Secondo la Misnah e il Talmud, al tempo della creazione, ci fu un’estrema scheggia di tempo tra i sei giorni che dettero origine al mondo e l’inizio del riposo del primo sabato. In quel breve lasso di tempo, Dio creò ulteriori dieci cose, tra cui le lettere della scrittura. Colpisce allora la «vocazione alla scrittura» a cui Etty si sentì chiamata: una vocazione davvero «divina», «ispirata», la sua «grafomania», l’ansia, espressa più volte nel suo Diario, di trovare la parola «giusta», quella e solo quella che davvero potesse contenere il sentimento provato, l’esperienza che si sta vivendo, con verità e chiarezza. Una parola «buona», però, per non aumentare il saldo finale di odio. Ma di cercarla comunque e sempre, come se fosse un autentico imperativo morale o quella «franchezza di linguaggio» che l’apostolo Paolo avrebbe chiamata «parresia» (At 28,31).
E questo colpisce tanto più che il nazismo stava piuttosto «violentando» il linguaggio, con termini insospettabili pur di dire e non dire cosa stava realmente succedendo: «sfoltimento» (Auflockerung), «soluzione finale» (Endlösung), «evacuazione» (Aussiedlung), «trattamento speciale» (Sonderbehandlung) e via dicendo. Del resto, sarcasticamente Buchenwald alla lettera significa «bosco di faggi», Birkenau «campo delle betulle»… Mentre, forse, il resto dell’Occidente da par suo faceva finta di non vedere, e quindi non ne parlava neppure. Non è già questa la prima forma di resistenza, il modo con cui «esserci» comincia a concretizzarsi? Dire «sì sì, no no» (Mt 5,37)? Racconta Hannah Arendt, nel famoso libro La banalità del male, che al processo Eichmann a Gerusalemme, un testimone asserì che al tempo della «soluzione finale» la cosa peggiore che potesse accadere a un essere umano era restare «innocente», e cioè non prendere in qualche modo posizione.
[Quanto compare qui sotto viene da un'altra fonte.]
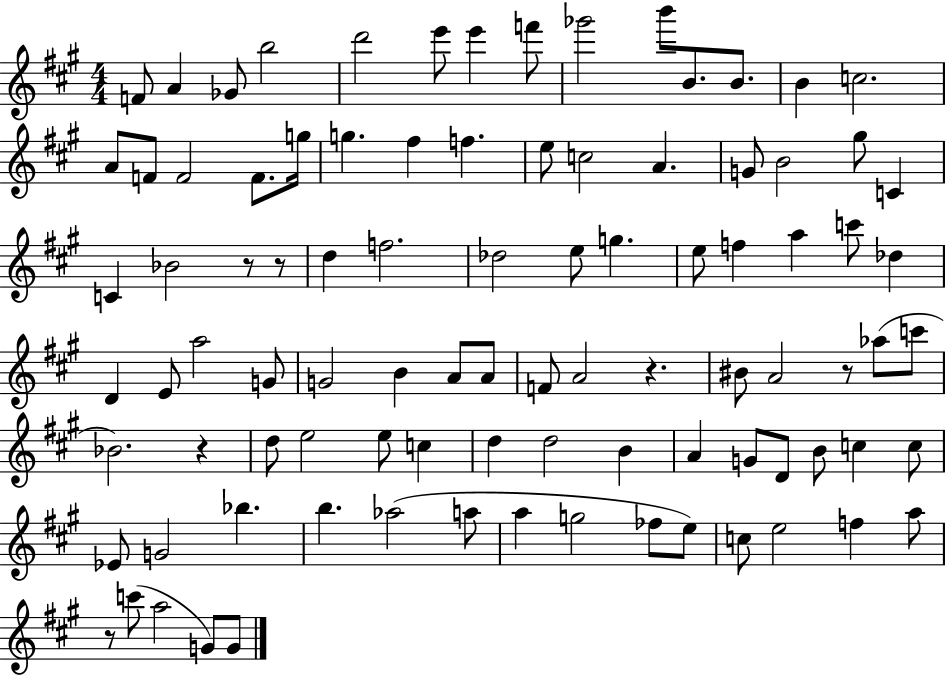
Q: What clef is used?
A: treble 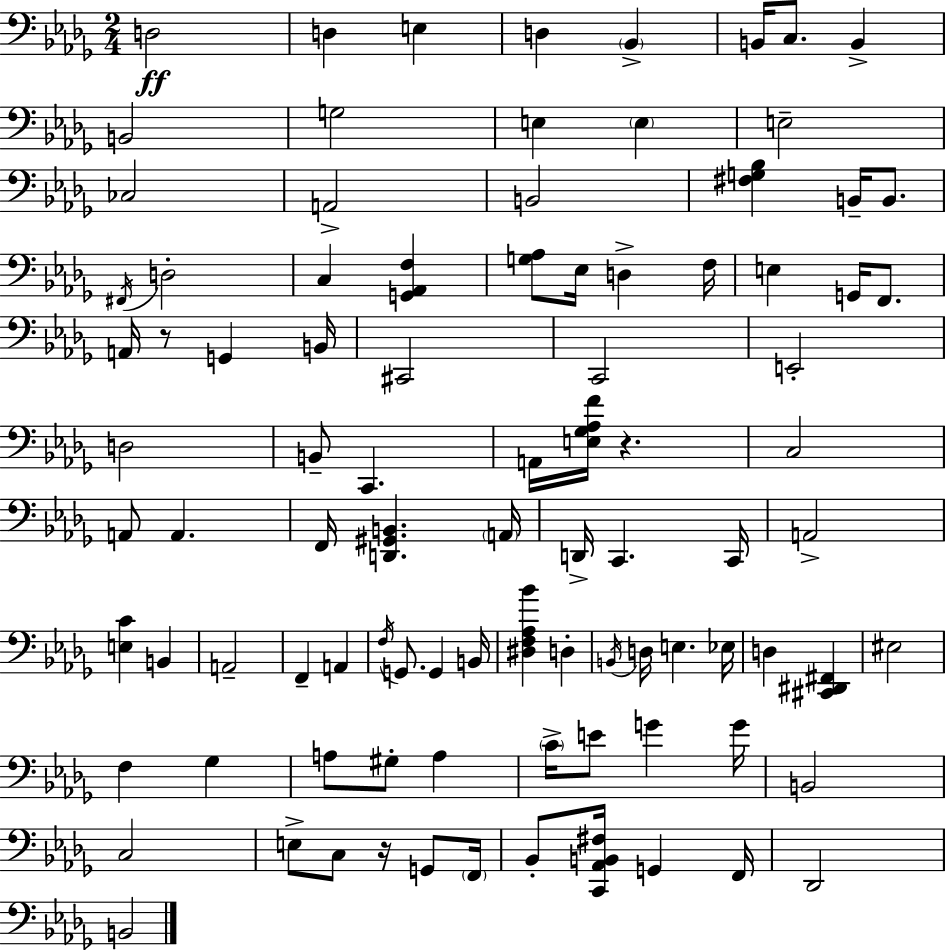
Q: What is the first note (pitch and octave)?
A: D3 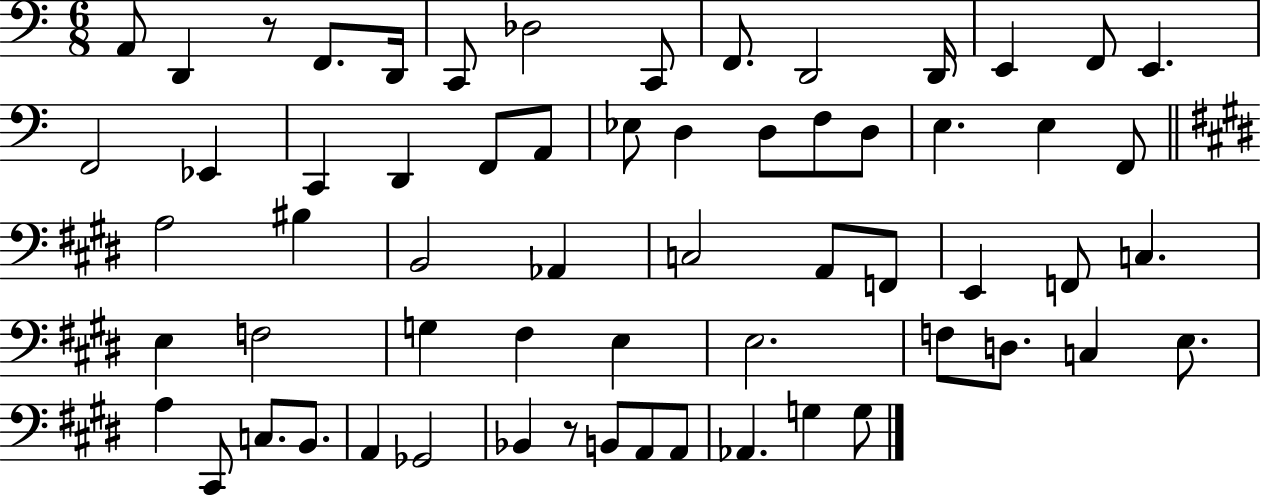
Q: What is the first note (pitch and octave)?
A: A2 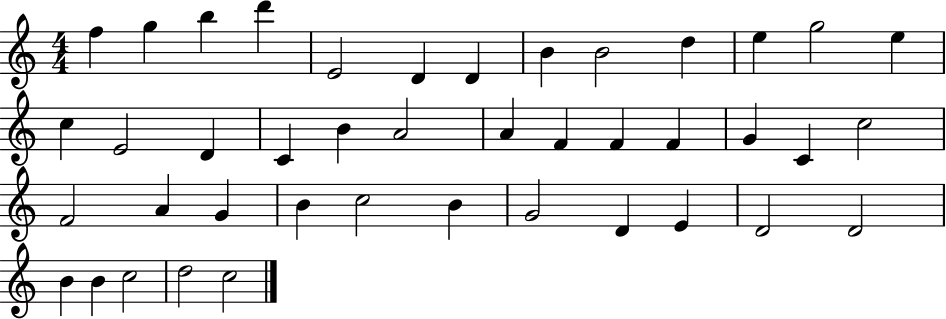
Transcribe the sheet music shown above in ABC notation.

X:1
T:Untitled
M:4/4
L:1/4
K:C
f g b d' E2 D D B B2 d e g2 e c E2 D C B A2 A F F F G C c2 F2 A G B c2 B G2 D E D2 D2 B B c2 d2 c2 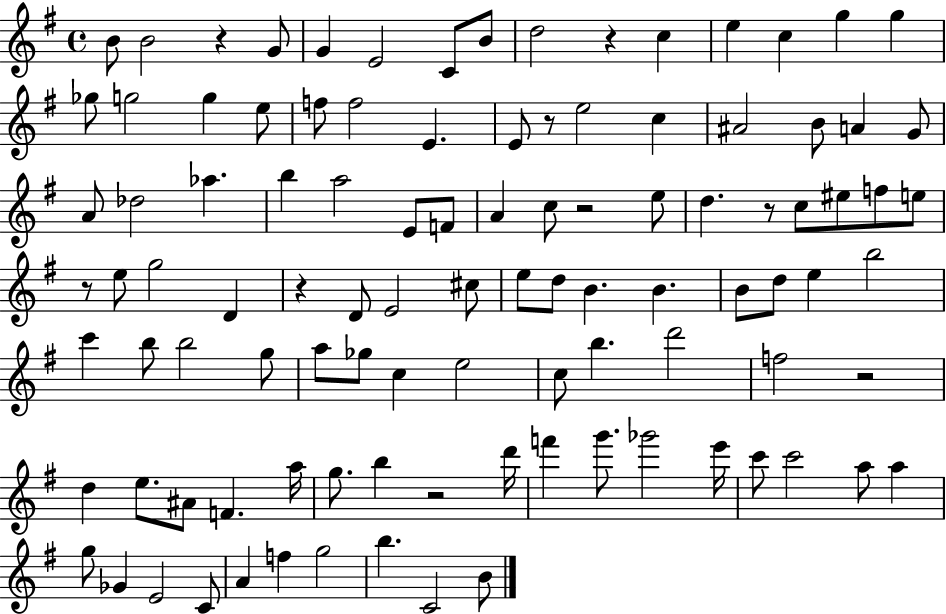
{
  \clef treble
  \time 4/4
  \defaultTimeSignature
  \key g \major
  b'8 b'2 r4 g'8 | g'4 e'2 c'8 b'8 | d''2 r4 c''4 | e''4 c''4 g''4 g''4 | \break ges''8 g''2 g''4 e''8 | f''8 f''2 e'4. | e'8 r8 e''2 c''4 | ais'2 b'8 a'4 g'8 | \break a'8 des''2 aes''4. | b''4 a''2 e'8 f'8 | a'4 c''8 r2 e''8 | d''4. r8 c''8 eis''8 f''8 e''8 | \break r8 e''8 g''2 d'4 | r4 d'8 e'2 cis''8 | e''8 d''8 b'4. b'4. | b'8 d''8 e''4 b''2 | \break c'''4 b''8 b''2 g''8 | a''8 ges''8 c''4 e''2 | c''8 b''4. d'''2 | f''2 r2 | \break d''4 e''8. ais'8 f'4. a''16 | g''8. b''4 r2 d'''16 | f'''4 g'''8. ges'''2 e'''16 | c'''8 c'''2 a''8 a''4 | \break g''8 ges'4 e'2 c'8 | a'4 f''4 g''2 | b''4. c'2 b'8 | \bar "|."
} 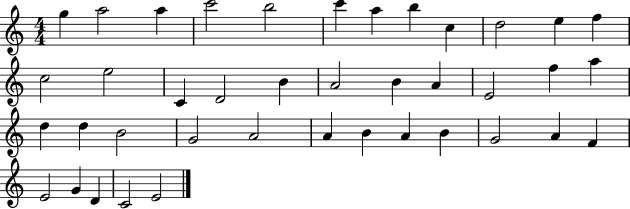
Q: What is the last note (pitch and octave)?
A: E4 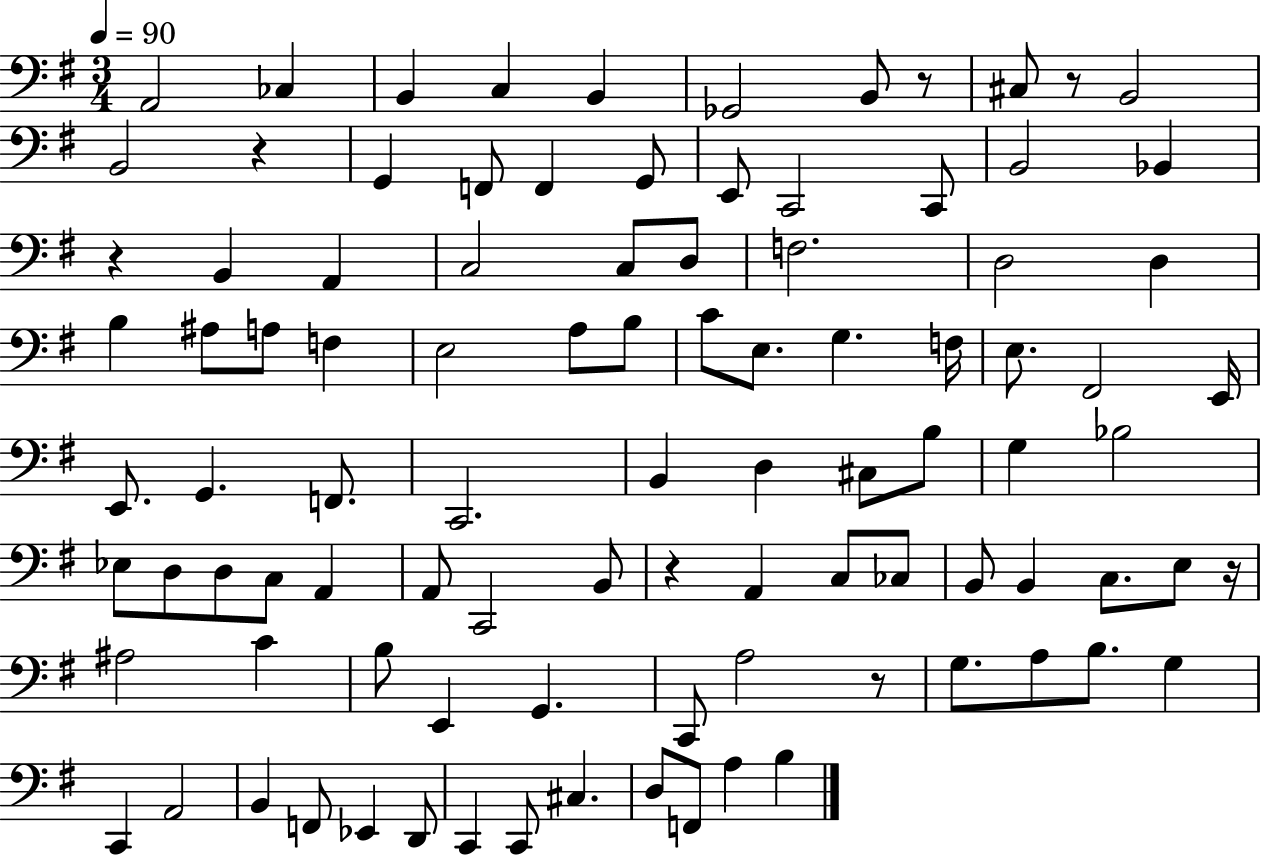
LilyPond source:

{
  \clef bass
  \numericTimeSignature
  \time 3/4
  \key g \major
  \tempo 4 = 90
  a,2 ces4 | b,4 c4 b,4 | ges,2 b,8 r8 | cis8 r8 b,2 | \break b,2 r4 | g,4 f,8 f,4 g,8 | e,8 c,2 c,8 | b,2 bes,4 | \break r4 b,4 a,4 | c2 c8 d8 | f2. | d2 d4 | \break b4 ais8 a8 f4 | e2 a8 b8 | c'8 e8. g4. f16 | e8. fis,2 e,16 | \break e,8. g,4. f,8. | c,2. | b,4 d4 cis8 b8 | g4 bes2 | \break ees8 d8 d8 c8 a,4 | a,8 c,2 b,8 | r4 a,4 c8 ces8 | b,8 b,4 c8. e8 r16 | \break ais2 c'4 | b8 e,4 g,4. | c,8 a2 r8 | g8. a8 b8. g4 | \break c,4 a,2 | b,4 f,8 ees,4 d,8 | c,4 c,8 cis4. | d8 f,8 a4 b4 | \break \bar "|."
} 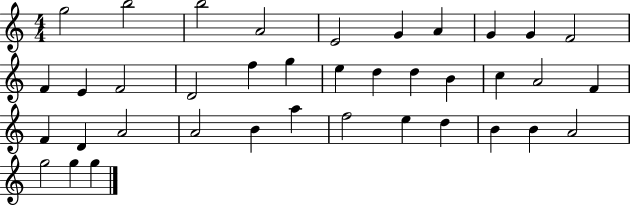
X:1
T:Untitled
M:4/4
L:1/4
K:C
g2 b2 b2 A2 E2 G A G G F2 F E F2 D2 f g e d d B c A2 F F D A2 A2 B a f2 e d B B A2 g2 g g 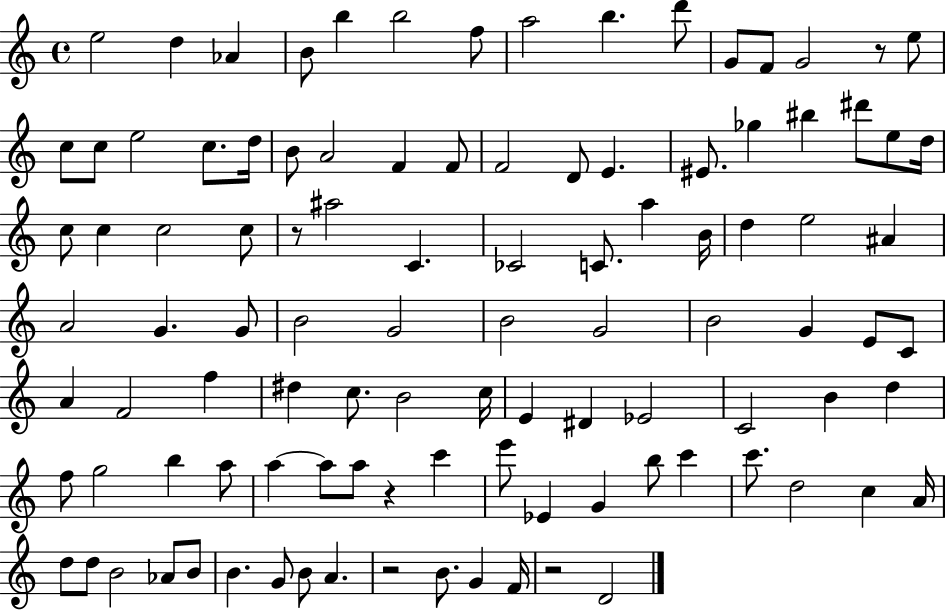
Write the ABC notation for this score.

X:1
T:Untitled
M:4/4
L:1/4
K:C
e2 d _A B/2 b b2 f/2 a2 b d'/2 G/2 F/2 G2 z/2 e/2 c/2 c/2 e2 c/2 d/4 B/2 A2 F F/2 F2 D/2 E ^E/2 _g ^b ^d'/2 e/2 d/4 c/2 c c2 c/2 z/2 ^a2 C _C2 C/2 a B/4 d e2 ^A A2 G G/2 B2 G2 B2 G2 B2 G E/2 C/2 A F2 f ^d c/2 B2 c/4 E ^D _E2 C2 B d f/2 g2 b a/2 a a/2 a/2 z c' e'/2 _E G b/2 c' c'/2 d2 c A/4 d/2 d/2 B2 _A/2 B/2 B G/2 B/2 A z2 B/2 G F/4 z2 D2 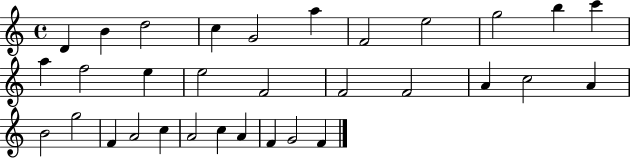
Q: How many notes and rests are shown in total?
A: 32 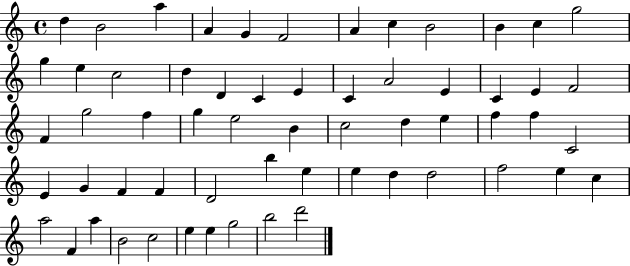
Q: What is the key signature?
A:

Eppure Etty, «nell’anno del Signore 1942, l’ennesimo anno di guerra» (Diario, 20 giugno 1942), riuscì a restare allo stesso tempo «innocente» e «presente», e forse a esserlo molto più di tanti. Qualcuno avrebbe potuto dire di lei che possedeva «la competenza dell’essere»: esserci in pienezza, non rassegnati né arresi, presenziare alla vita esteriore, perché contemporaneamente si è nella propria vita interiore. Esserci, decidendo in qualche modo persino di non sottrarsi all’eventualità di andare in campo di concentramento, o per lo meno di non fare nulla per evitarlo.
Perché ci vorrà ben qualcuno disposto alla fine a esserci, con le proprie mani per pregare e con i propri occhi scuri per vedere e raccontare (Diario, 11 luglio 1942). Con la propria penna e un foglio bianco da sporcare di parole, per intanto. Parole come filo spinato per «contenere» il male, ma anche come calda coperta perché… faccia meno male: «Dammi un piccolo verso al giorno, mio Dio, e se non potrò sempre scriverlo perché non ci sarà più carta e perché mancherà la luce, allora lo dirò piano, alla sera, al tuo gran cielo. Ma dammi un piccolo verso di tanto in tanto» (Diario, 24 settembre 1942).